As you might have already heard, “Basic Instinct” screenwriter, Joe Eszterhas, is rebooting the 1992 film into an “anti-woke” reinterpretation.
Eszterhas, 80, signed a $4M deal with Amazon/MGM to pen the screenplay. A week later, he’s speaking about the project, via The Wrap, which certainly raised eyebrows when it was announced five days ago.
Concerning plot details of this fresh new take, Eszterhas says it begins in 2025, and centers on serial killers, copycats, and a demonic twist. Catherine Tramell returns as a key co-star—Sharon Stone is wanted back, but she won’t be the lead this time:
I can’t talk very much about the storyline at this point because much of it isn’t formed yet. It begins in 2025. The Catherine Trammel character I will write and I hope Sharon [Stone] agrees to do the picture because I thought she was brilliant the first time out. In my reboot she is not the star of the picture but she is the main co-star of the picture. It’s about the serial killers. It’s about copycats. There’s a demonic element to it that I think will be spooky.
The “anti-woke” label wasn’t accidental—it was very much by design. Eszterhas made clear in a new interview that the term reflects the mindset he’s in as he continues to shape the screenplay.
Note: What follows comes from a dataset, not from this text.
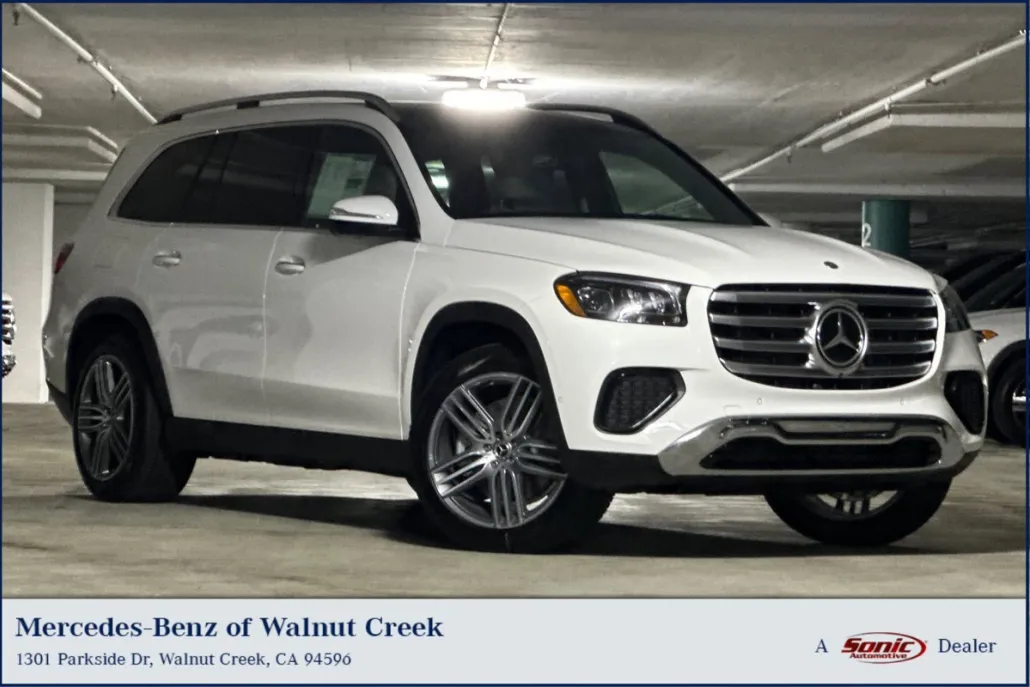 2025 Mercedes Benz GLS 450 4MATIC photo 1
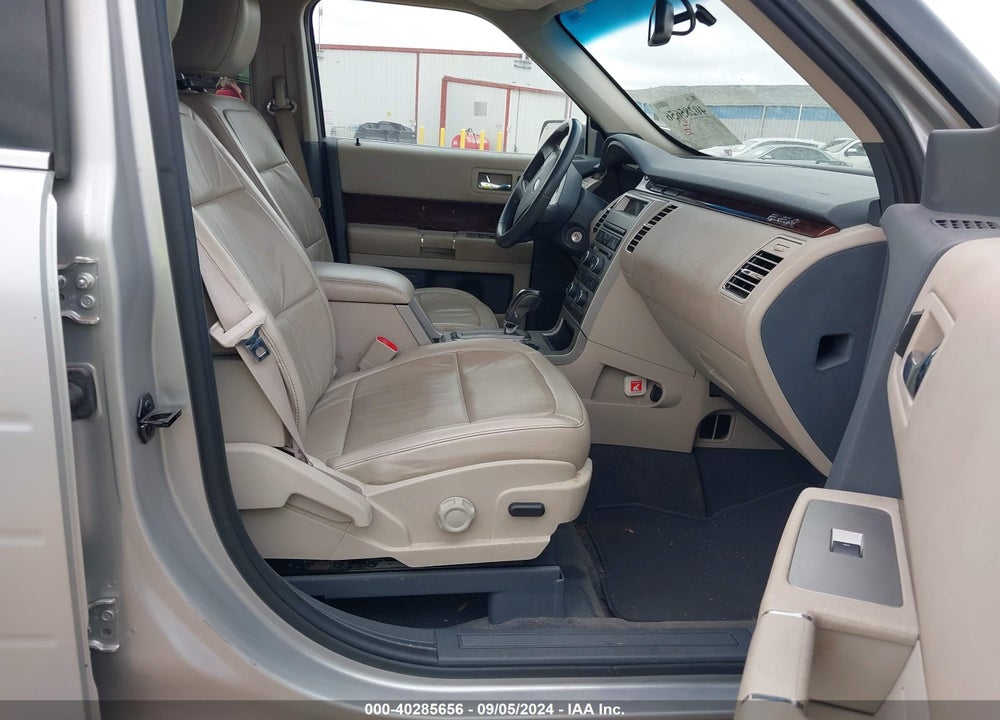 2009 FORD FLEX SEL VIN: 2FMDK52CX9BA83945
In terms of the woke culture, I think that there is a segment of the population that’s had it with woke culture. But then there’s also a huge segment that hasn’t. I don’t believe in woke and I don’t believe in being politically correct because I think it’s not the truth, and I like the truth spoken.
Not just that, but this thing might actually see the light of day. The reboot appears to be fast-tracked by Amazon/MGM, with the screenplay potentially finished by late summer or early fall.
Three months. But I think it’ll be much less than that. I’m guessing it’ll be a month and a half or two months. At night, I wake up and I hear lines of dialogue.
Eszterhas hasn’t written a screenplay since 2006. Best known for “Flashdance,” “Blue Thunder,” “Jagged Edge,” and the legendary “Showgirls,” Eszterhas largely stepped away from Hollywood after a failed collaboration with Mel Gibson on The Maccabees—a project that ended in controversy when Eszterhas accused Gibson of anti-Semitism and claimed the film was never seriously intended to be made.
Now, nearly two decades later, he’s back in the news with this project. . I have no idea how the film will turn out, but I’m curious—especially if a serious director signs on. Could Verhoeven, now 83, be tempted to return? Either way, Amazon seems ready to gamble on the timeless draw of sex and danger.